Hmm, elephant garlic, that's a good question, you don't want to overpower the garlic.

I guess if you used muffin tins or a cupcake tin, that you would be fine with any type of wood because there's not a whole lot of surface area.

However I would start with an apple, peach, or pear something mild, I used cherry for mine and the smoke flavor was barely detectable.


----------



## daveomak

SQWIB said:


> Hmm, elephant garlic, that's a good question, you don't want to overpower the garlic.
> 
> I guess if you used muffin tins or a cupcake tin, that you would be fine with any type of wood because there's not a whole lot of surface area.
> 
> However I would start with an apple, peach, or pear something mild, I used cherry for mine and the smoke flavor was barely detectable.


Well, from the time I wrote this, Bride came back and said, "I want it smoked with Hickory, do not use mesquite, it is too strong". I guess you know what happened... hickory....

You are right about light smoke flavor... 3 hours of pellets,(whatever is in them) and a healthy string of hickory chips on top produced a very nice, not bitter smoke flavor... the aroma of garlic/smoke when removed from the smoker was perfect....
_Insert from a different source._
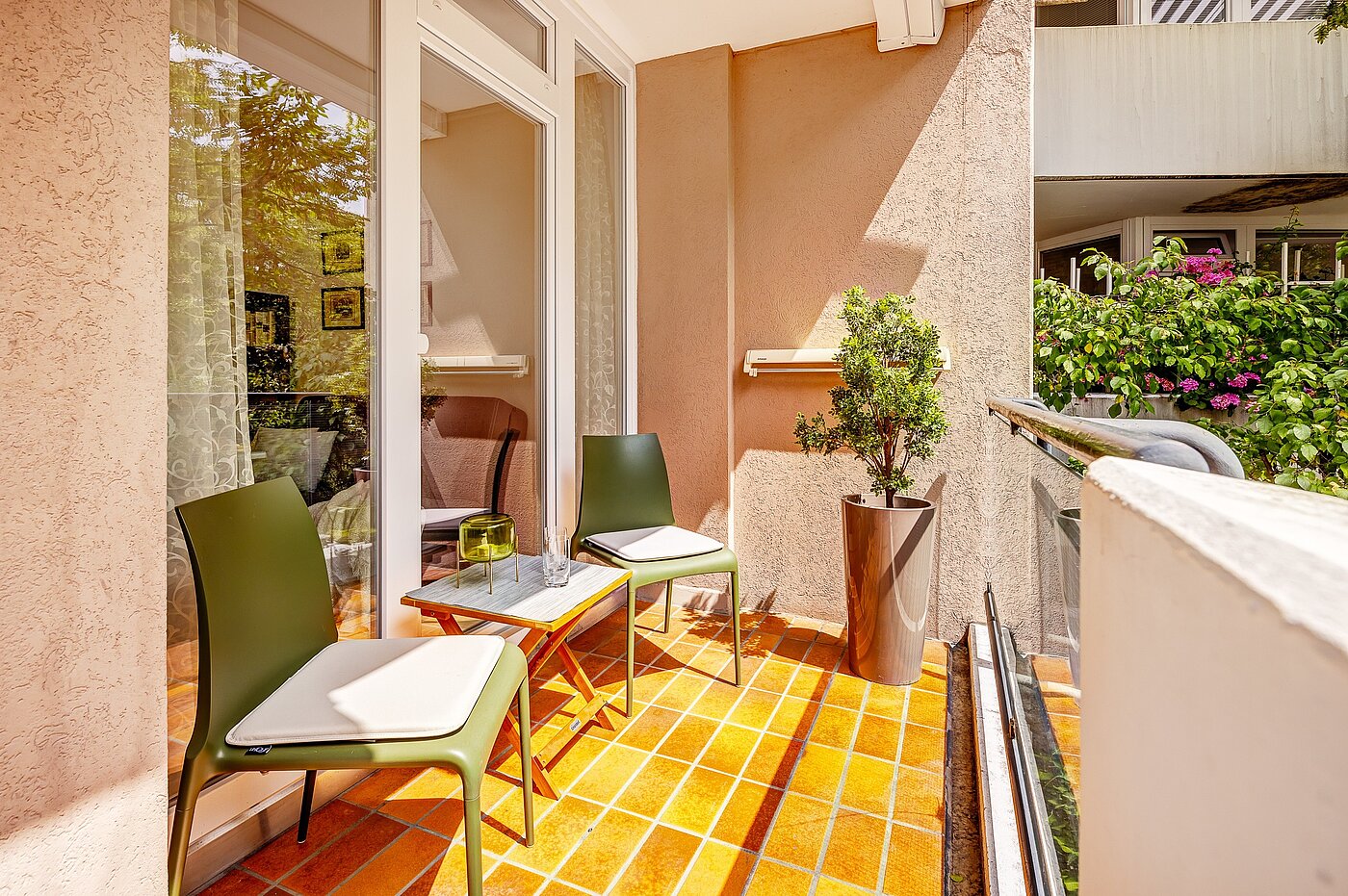 フラット 部屋数 2.5 部屋 | München-Nymphenburg | 2204ML61 | Sonniger Balkon...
Next batch I will try mesquite and pellets... the tray blocks enough smoke that I think it will be OK... Thanks SQUIB.... great idea you had there... Dave


----------



## sqwib

DaveOmak said:


> Well, from the time I wrote this, Bride came back and said, "I want it smoked with Hickory, do not use mesquite, it is too strong". I guess you know what happened... hickory....
> 
> You are right about light smoke flavor... 3 hours of pellets,(whatever is in them) and a healthy string of hickory chips on top produced a very nice, not bitter smoke flavor... the aroma of garlic/smoke when removed from the smoker was perfect....
> 
> Next batch I will try mesquite and pellets... the tray blocks enough smoke that I think it will be OK... Thanks SQUIB.... great idea you had there... Dave




Glad it worked out.


----------